◆ Listed entries ◆
+ + +

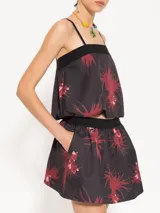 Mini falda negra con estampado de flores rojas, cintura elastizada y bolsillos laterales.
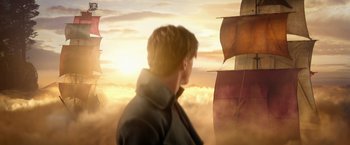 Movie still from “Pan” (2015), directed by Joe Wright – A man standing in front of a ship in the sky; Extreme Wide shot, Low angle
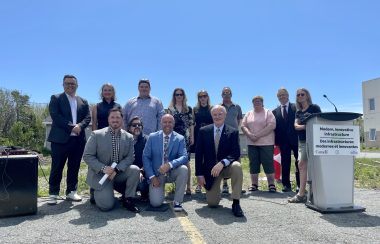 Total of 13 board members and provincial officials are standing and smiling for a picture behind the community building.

+ + +

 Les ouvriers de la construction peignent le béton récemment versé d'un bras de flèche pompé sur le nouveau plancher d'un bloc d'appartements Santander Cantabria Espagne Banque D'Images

+ + +

◆ Required action ◆
Once the line with "Mini falda negra" is found in the data above, reproduce it and each line after it exactly, through the line with "Movie still from". Omit the pictures.

◆ Task output ◆
 Mini falda negra con estampado de flores rojas, cintura elastizada y bolsillos laterales.
 Movie still from “Pan” (2015), directed by Joe Wright – A man standing in front of a ship in the sky; Extreme Wide shot, Low angle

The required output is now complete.